=== WHAT YOU HAVE TO DO ===
Beginning with the line that contains "11 Beautiful Lacy", reproduce the remaining lines of the material exactly, up to and including the last one, but no pictures.

=== PROVIDED MATERIAL ===
^^^^^^^^

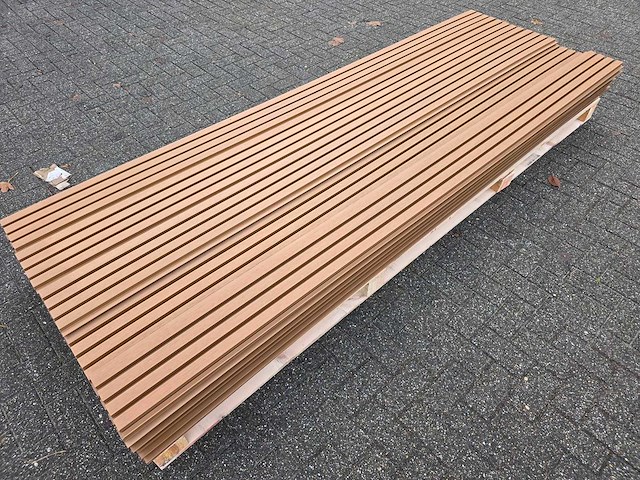 Composiet gevelbekleding rhombusprofiel donker eiken (50x) - afbeelding 6 van  7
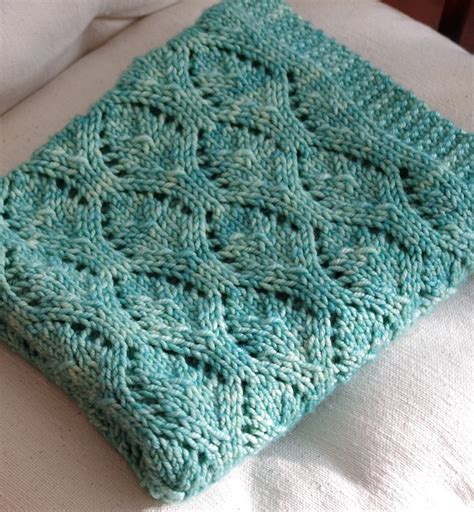 11 Beautiful Lacy Baby Blanket Knitting Patterns | atelier-yuwa.ciao.jp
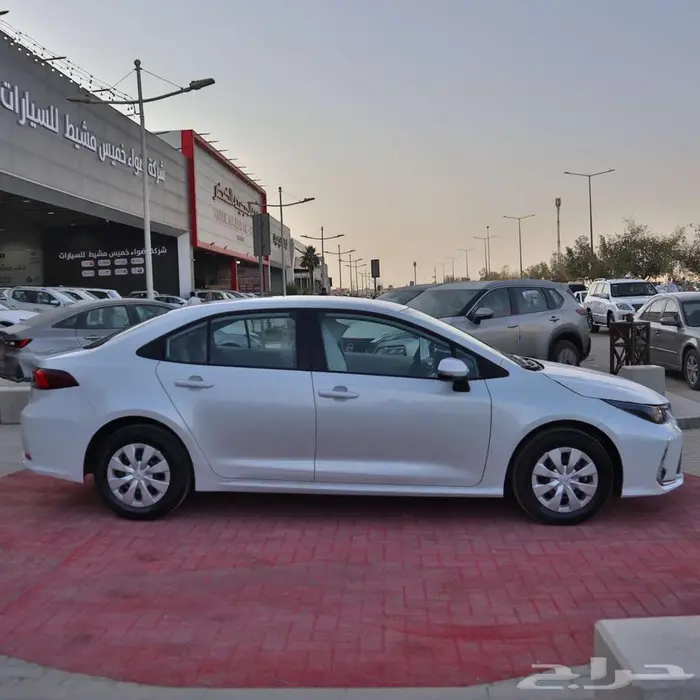 تويوتا كورولا 2.0 ستاتدر طيس و مطور جنوط بنزين2025فرع جده 19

^^^^^^^^

=== RESULT OF THIS EXERCISE ===
 11 Beautiful Lacy Baby Blanket Knitting Patterns | atelier-yuwa.ciao.jp
 تويوتا كورولا 2.0 ستاتدر طيس و مطور جنوط بنزين2025فرع جده 19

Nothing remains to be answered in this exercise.